====== Data

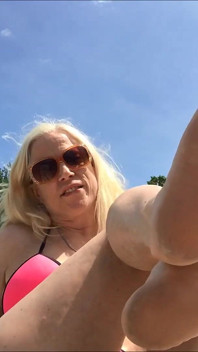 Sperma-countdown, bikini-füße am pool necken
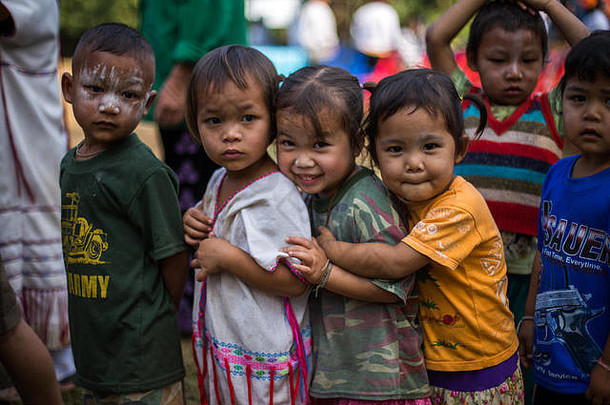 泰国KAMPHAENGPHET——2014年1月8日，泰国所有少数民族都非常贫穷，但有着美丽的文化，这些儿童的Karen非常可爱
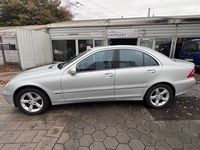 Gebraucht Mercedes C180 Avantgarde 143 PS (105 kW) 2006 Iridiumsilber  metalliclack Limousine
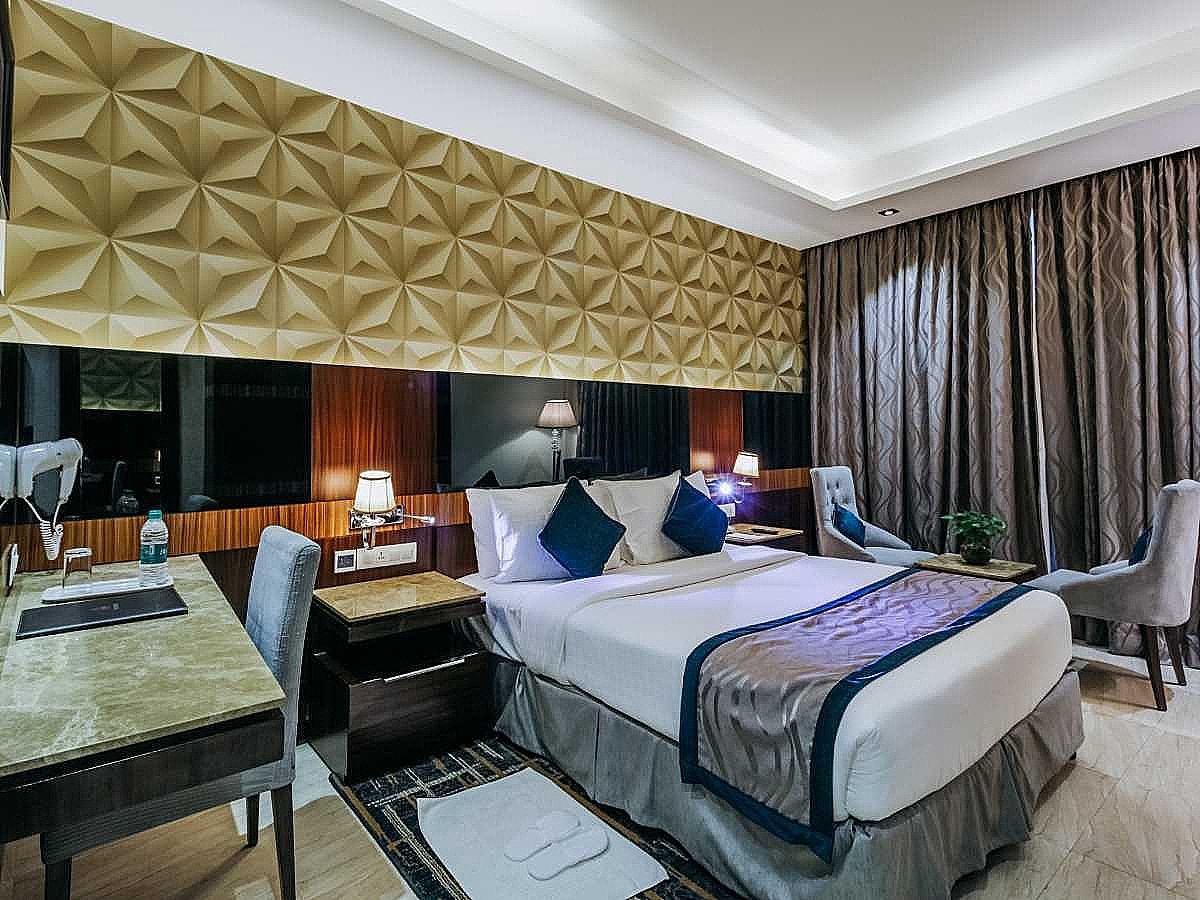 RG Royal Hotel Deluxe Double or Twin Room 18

============
====== Data

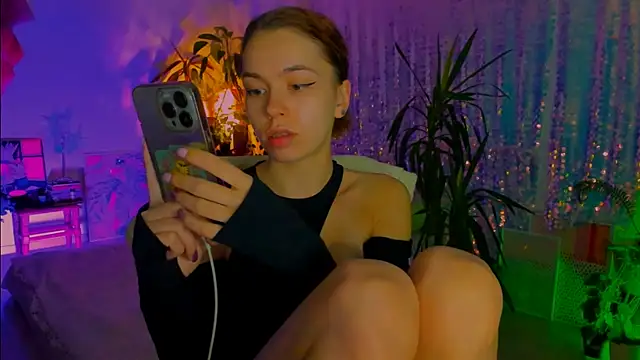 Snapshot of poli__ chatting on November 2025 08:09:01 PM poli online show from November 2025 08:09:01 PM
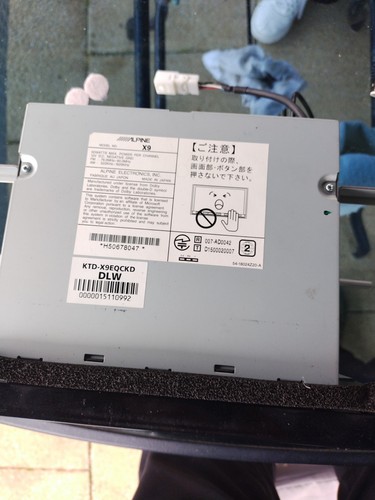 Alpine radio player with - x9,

============

With the pictures omitted, print the lines above exactly, beginning at the line with "Sperma-countdown, bikini-füße am pool necken" and going on through the line with "RG Royal Hotel Deluxe Double or Twin Room 18".

 Sperma-countdown, bikini-füße am pool necken
 泰国KAMPHAENGPHET——2014年1月8日，泰国所有少数民族都非常贫穷，但有着美丽的文化，这些儿童的Karen非常可爱
 Gebraucht Mercedes C180 Avantgarde 143 PS (105 kW) 2006 Iridiumsilber  metalliclack Limousine
 RG Royal Hotel Deluxe Double or Twin Room 18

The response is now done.